* _Description of the task_
The data is to be repeated exactly, with the images removed.

* _Input for this task_

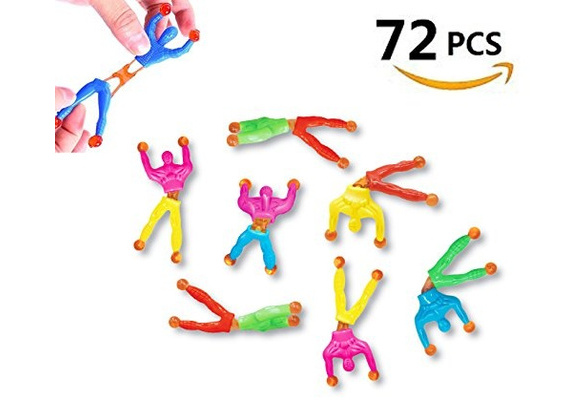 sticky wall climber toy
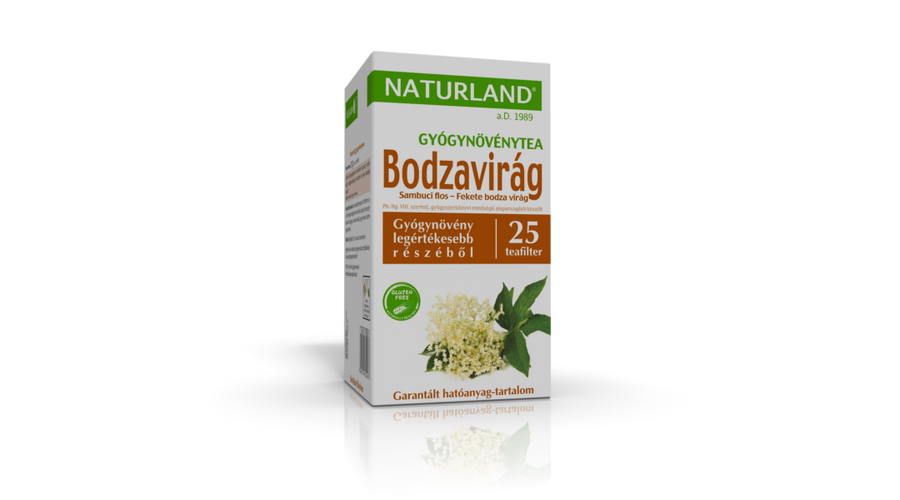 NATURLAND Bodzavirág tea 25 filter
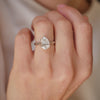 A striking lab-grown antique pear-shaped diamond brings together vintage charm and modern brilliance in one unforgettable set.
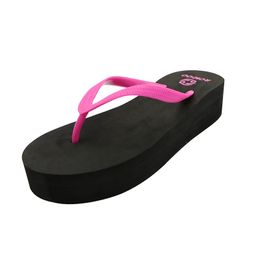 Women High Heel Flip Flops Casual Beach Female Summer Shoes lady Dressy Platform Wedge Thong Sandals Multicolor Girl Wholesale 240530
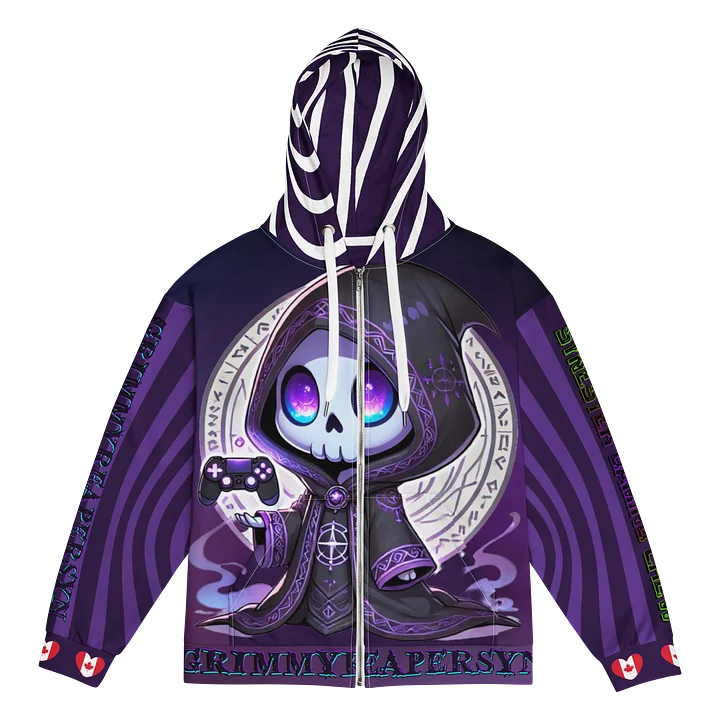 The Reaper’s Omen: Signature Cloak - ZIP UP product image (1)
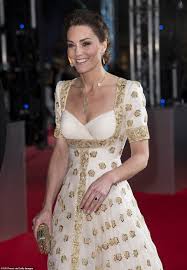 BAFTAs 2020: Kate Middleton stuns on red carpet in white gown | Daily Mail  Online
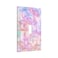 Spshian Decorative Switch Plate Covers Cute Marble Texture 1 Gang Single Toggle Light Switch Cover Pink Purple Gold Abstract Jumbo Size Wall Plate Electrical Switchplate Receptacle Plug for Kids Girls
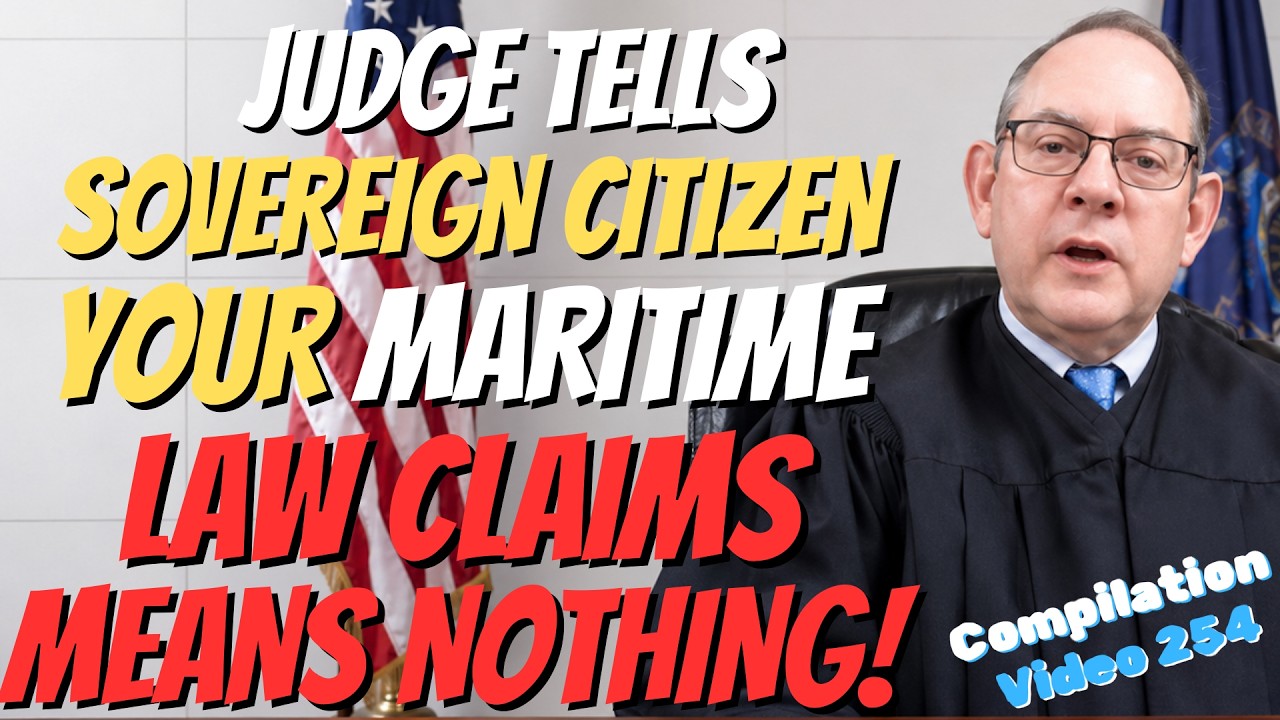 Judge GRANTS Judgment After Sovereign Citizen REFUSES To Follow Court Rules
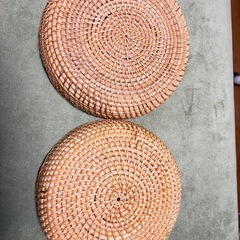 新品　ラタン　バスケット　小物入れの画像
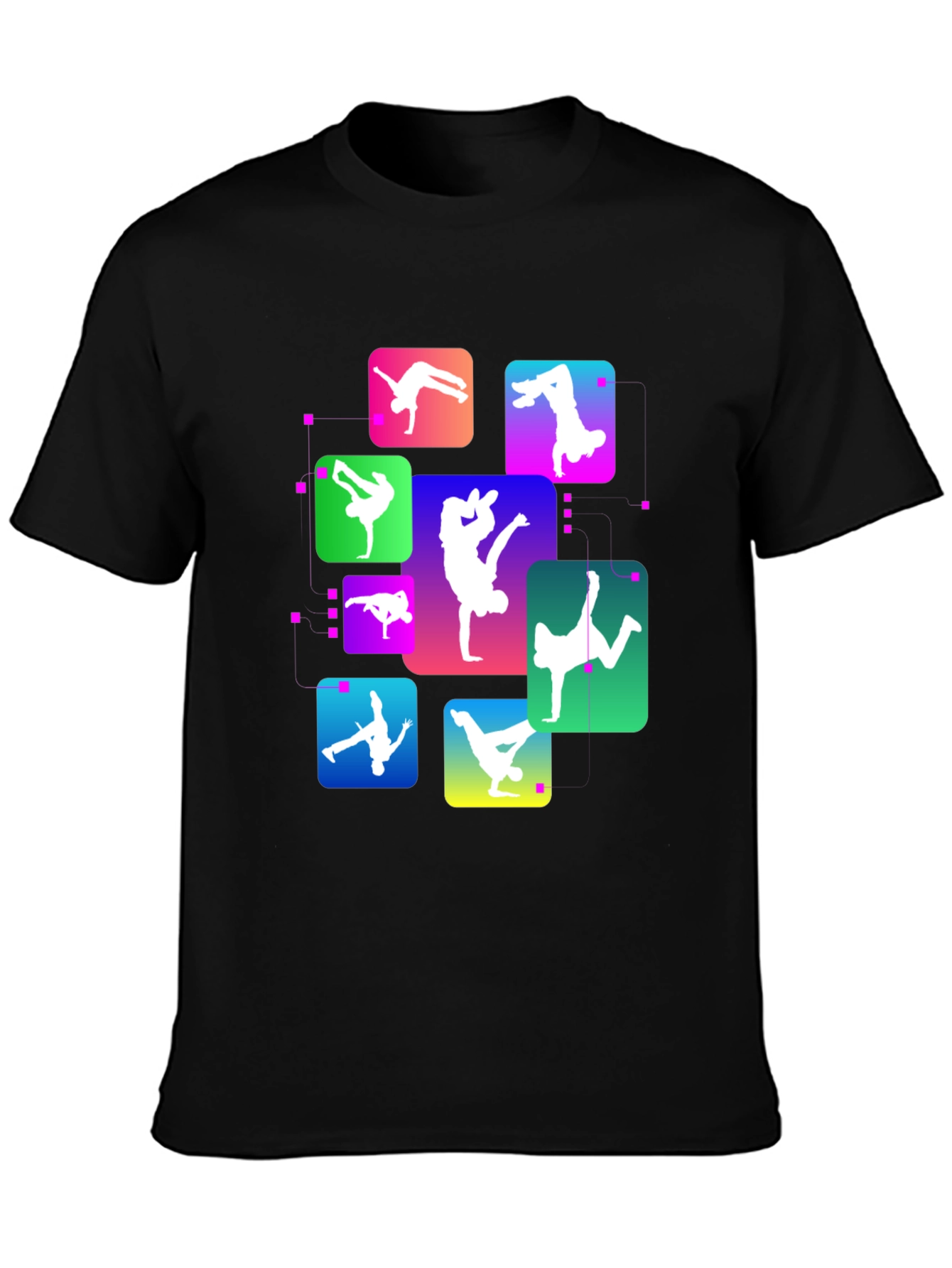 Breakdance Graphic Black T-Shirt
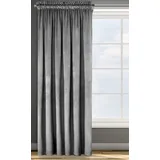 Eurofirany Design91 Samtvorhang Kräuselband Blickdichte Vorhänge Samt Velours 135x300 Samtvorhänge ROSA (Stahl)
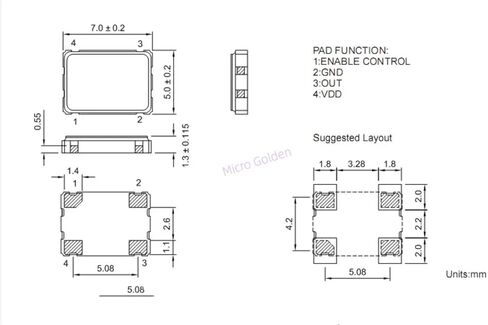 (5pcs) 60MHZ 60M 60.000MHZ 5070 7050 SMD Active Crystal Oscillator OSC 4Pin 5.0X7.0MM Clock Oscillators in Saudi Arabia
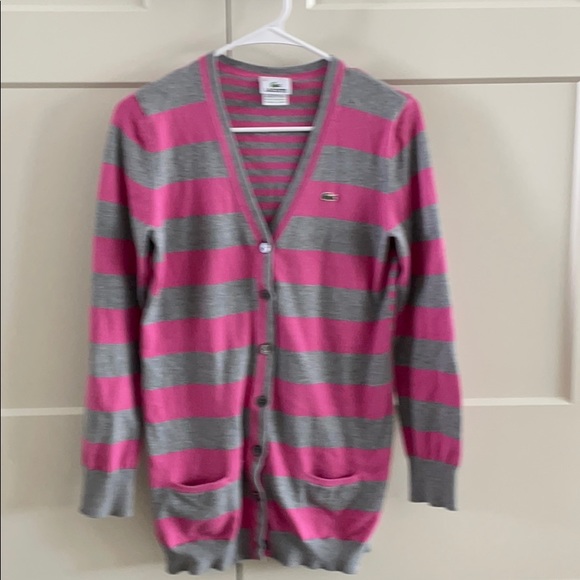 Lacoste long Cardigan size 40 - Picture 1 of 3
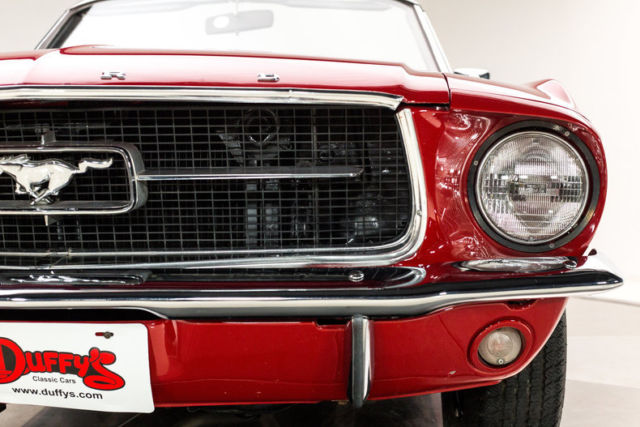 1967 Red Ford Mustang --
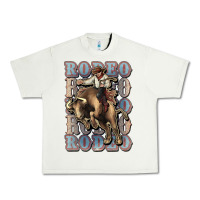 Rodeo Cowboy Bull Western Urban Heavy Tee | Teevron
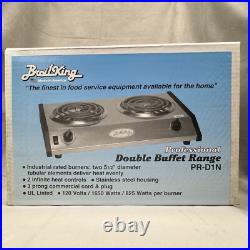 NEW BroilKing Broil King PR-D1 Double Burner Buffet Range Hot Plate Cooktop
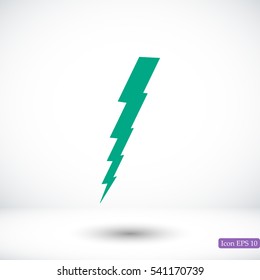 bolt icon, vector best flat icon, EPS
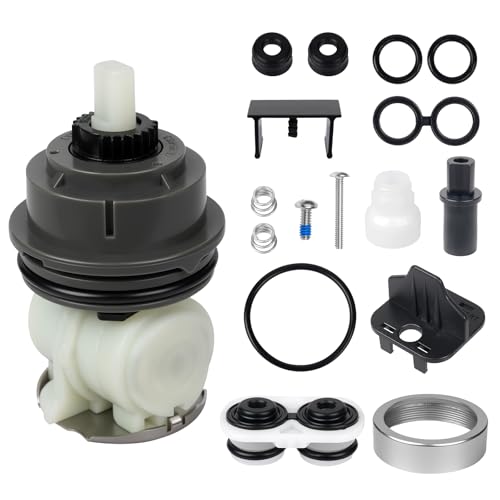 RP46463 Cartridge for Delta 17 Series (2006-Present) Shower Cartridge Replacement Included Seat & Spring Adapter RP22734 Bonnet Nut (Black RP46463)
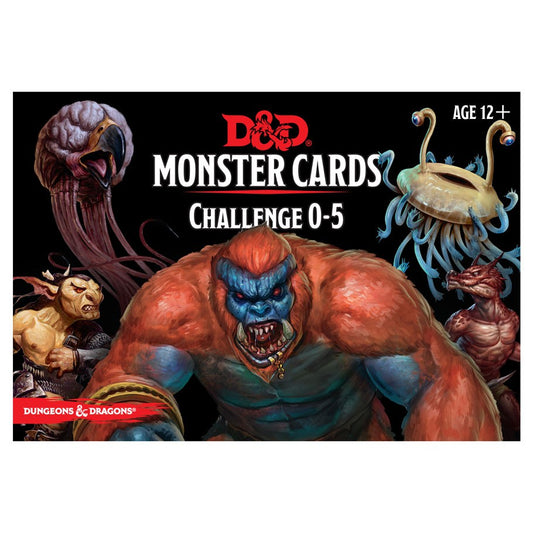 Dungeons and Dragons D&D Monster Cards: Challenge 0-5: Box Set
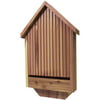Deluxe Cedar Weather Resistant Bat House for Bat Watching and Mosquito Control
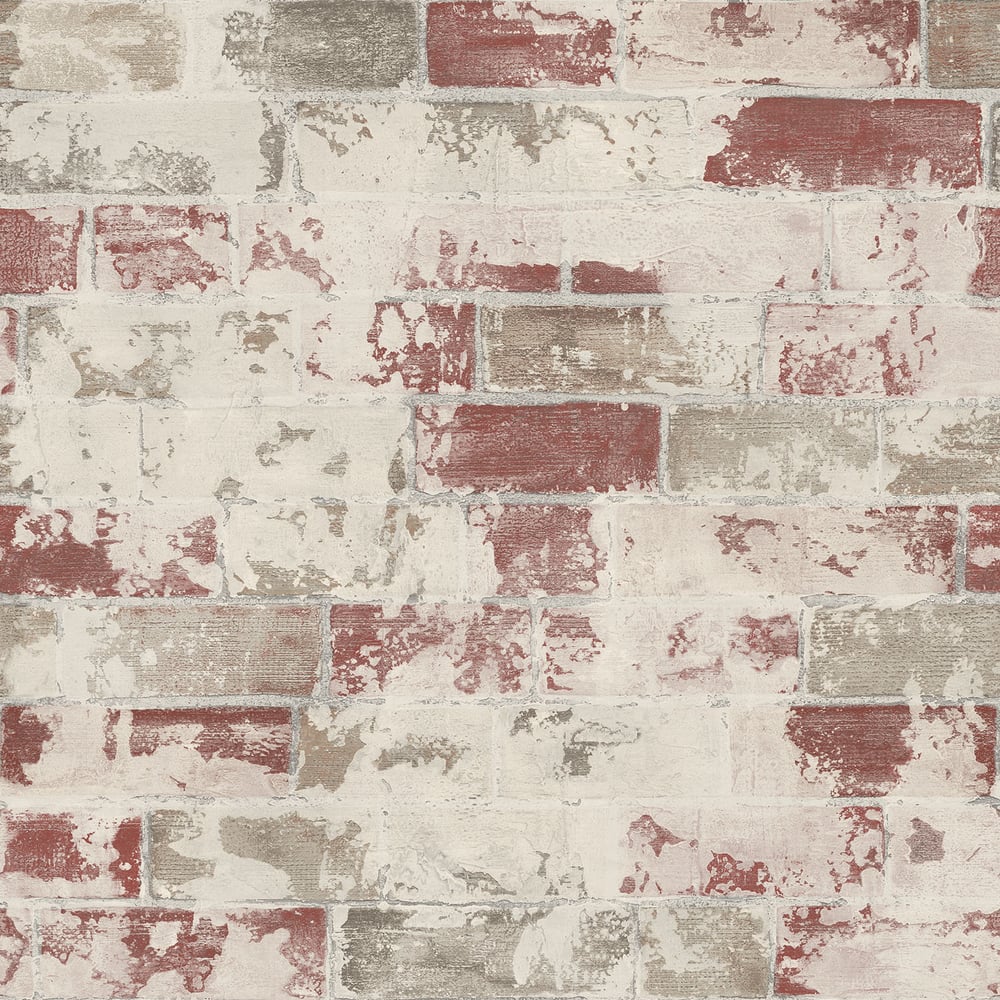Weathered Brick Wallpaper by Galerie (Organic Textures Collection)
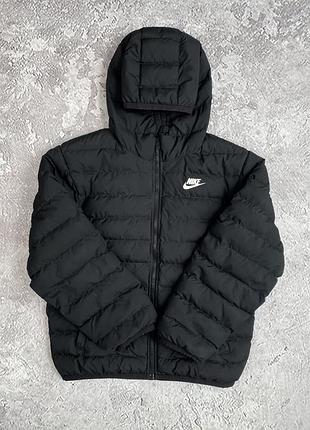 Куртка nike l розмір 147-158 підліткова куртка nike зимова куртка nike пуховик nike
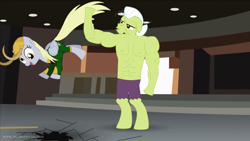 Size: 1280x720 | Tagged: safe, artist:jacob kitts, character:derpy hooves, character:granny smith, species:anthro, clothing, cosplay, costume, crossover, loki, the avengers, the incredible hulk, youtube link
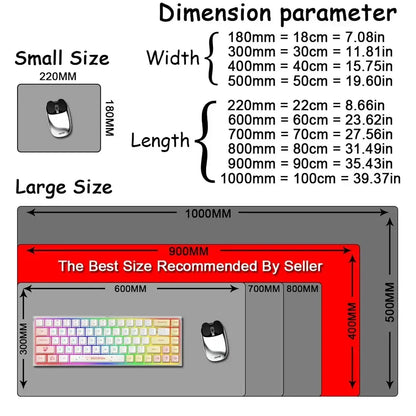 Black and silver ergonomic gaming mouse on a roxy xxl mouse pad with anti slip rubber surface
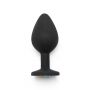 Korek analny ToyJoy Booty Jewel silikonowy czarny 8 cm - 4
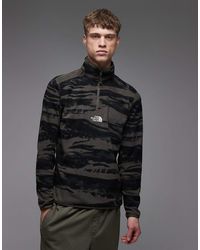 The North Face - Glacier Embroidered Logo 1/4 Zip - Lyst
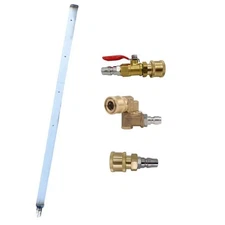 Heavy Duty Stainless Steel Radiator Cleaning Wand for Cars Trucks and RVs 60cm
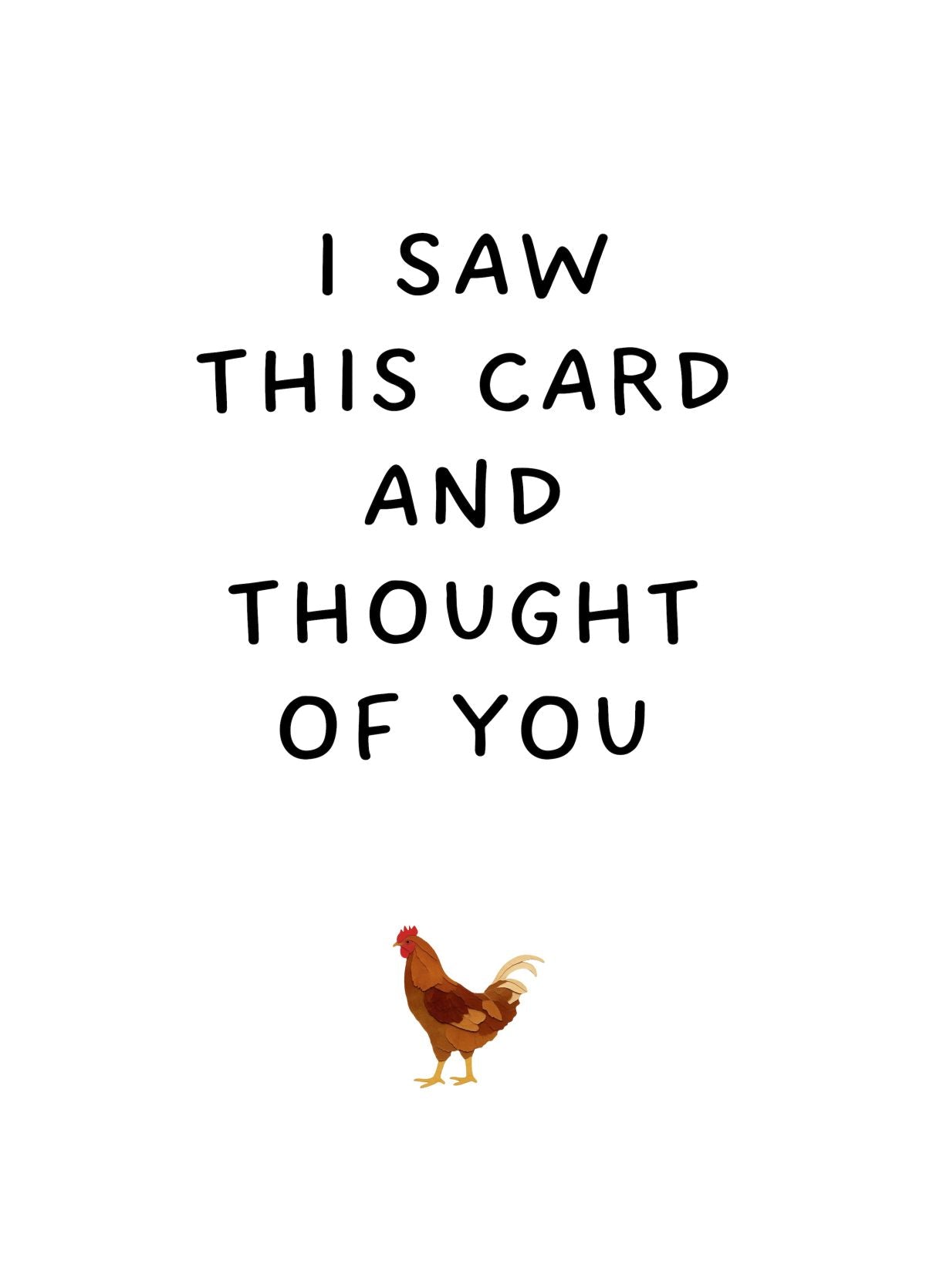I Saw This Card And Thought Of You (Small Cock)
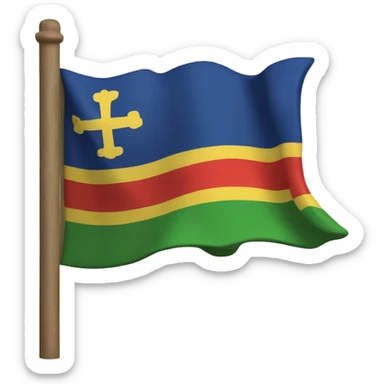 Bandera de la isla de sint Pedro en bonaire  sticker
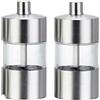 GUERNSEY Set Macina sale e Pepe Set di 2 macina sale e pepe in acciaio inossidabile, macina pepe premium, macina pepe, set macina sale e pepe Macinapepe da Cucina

* _Task response_
 sticky wall climber toy
 NATURLAND Bodzavirág tea 25 filter
 A striking lab-grown antique pear-shaped diamond brings together vintage charm and modern brilliance in one unforgettable set.
 Women High Heel Flip Flops Casual Beach Female Summer Shoes lady Dressy Platform Wedge Thong Sandals Multicolor Girl Wholesale 240530
 The Reaper’s Omen: Signature Cloak - ZIP UP product image (1)
 BAFTAs 2020: Kate Middleton stuns on red carpet in white gown | Daily Mail  Online
 Spshian Decorative Switch Plate Covers Cute Marble Texture 1 Gang Single Toggle Light Switch Cover Pink Purple Gold Abstract Jumbo Size Wall Plate Electrical Switchplate Receptacle Plug for Kids Girls
 Judge GRANTS Judgment After Sovereign Citizen REFUSES To Follow Court Rules
 新品　ラタン　バスケット　小物入れの画像
 Breakdance Graphic Black T-Shirt
 Eurofirany Design91 Samtvorhang Kräuselband Blickdichte Vorhänge Samt Velours 135x300 Samtvorhänge ROSA (Stahl)
 (5pcs) 60MHZ 60M 60.000MHZ 5070 7050 SMD Active Crystal Oscillator OSC 4Pin 5.0X7.0MM Clock Oscillators in Saudi Arabia
 Lacoste long Cardigan size 40 - Picture 1 of 3
 1967 Red Ford Mustang --
 Rodeo Cowboy Bull Western Urban Heavy Tee | Teevron
 NEW BroilKing Broil King PR-D1 Double Burner Buffet Range Hot Plate Cooktop
 bolt icon, vector best flat icon, EPS
 RP46463 Cartridge for Delta 17 Series (2006-Present) Shower Cartridge Replacement Included Seat & Spring Adapter RP22734 Bonnet Nut (Black RP46463)
 Dungeons and Dragons D&D Monster Cards: Challenge 0-5: Box Set
Deluxe Cedar Weather Resistant Bat House for Bat Watching and Mosquito Control
Weathered Brick Wallpaper by Galerie (Organic Textures Collection)
 Куртка nike l розмір 147-158 підліткова куртка nike зимова куртка nike пуховик nike
 Size: 1280x720 | Tagged: safe, artist:jacob kitts, character:derpy hooves, character:granny smith, species:anthro, clothing, cosplay, costume, crossover, loki, the avengers, the incredible hulk, youtube link
 Black and silver ergonomic gaming mouse on a roxy xxl mouse pad with anti slip rubber surface
 Korek analny ToyJoy Booty Jewel silikonowy czarny 8 cm - 4
 The North Face - Glacier Embroidered Logo 1/4 Zip - Lyst
 Heavy Duty Stainless Steel Radiator Cleaning Wand for Cars Trucks and RVs 60cm
I Saw This Card And Thought Of You (Small Cock)
 Bandera de la isla de sint Pedro en bonaire  sticker
 GUERNSEY Set Macina sale e Pepe Set di 2 macina sale e pepe in acciaio inossidabile, macina pepe premium, macina pepe, set macina sale e pepe Macinapepe da Cucina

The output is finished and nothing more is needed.